I was running on fumes that day. I chain-drank black coffee to try to remain alert. I took notes on all of the things that the Herberger’s employees said that they needed AdDept to do. I knew very well that Steve VeZain at PMG had already made it clear to me that no custom code would be provided for Herberger’s. Steve said that they needed to adapt to the system that worked for everyone else. I called in to TSI’s office several times on that second day, as well.

I flew back to Connecticut that night in an even worse mood than the foul outlook that these exhausting trips usually produced. On the one hand I was frustrated because the AdDept system did not work the way that the Herberger’s employees wanted it to, and there was nothing much that I could do to help them. They had no clout with PMG. They were, after all, by far the smallest division, and they were on the wrong side of the Mason-Dixon line. On the other hand I was also very apprehensive about what I would find out when I went into the office the next day.
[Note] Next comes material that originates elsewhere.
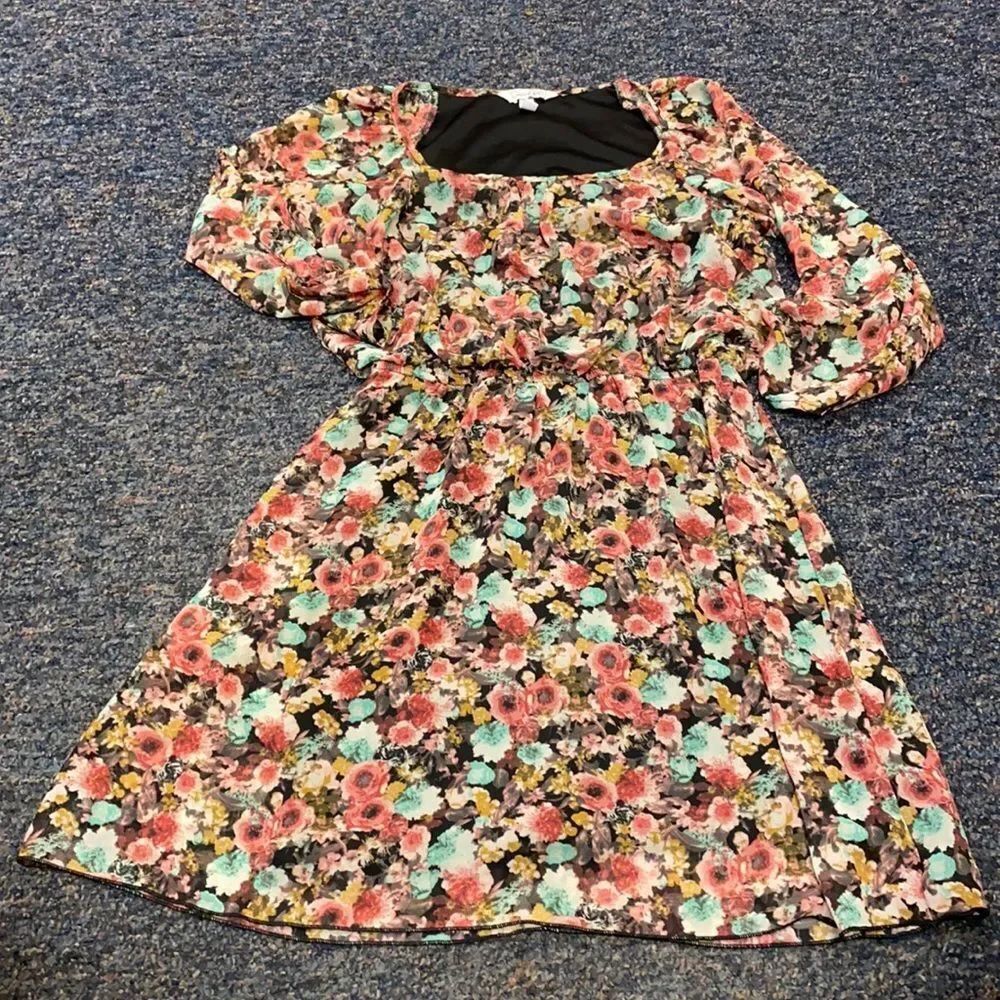 Speechless Floral Dress sz. M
The Denouement: On my first day back in the office Denise confided that she had been offered a job as IT director at a fairly small company that used an AS/400. I am not sure whether she would have any employees under her or not. Truth to tell, I did not care much what kind of job it was. My sole objective was to take whatever steps were necessary to persuade her to stay at TSI. I also learned that Jackie, as I expected, was a corporate headhunter for an employment agency.

I tried to talk Denise out of accepting the job. I emphasized how important I thought that she was to TSI. She asserted that she was mostly looking for something new. She had been doing mostly the same job for thirteen years.The best that I could get out of her was that she would think about it overnight.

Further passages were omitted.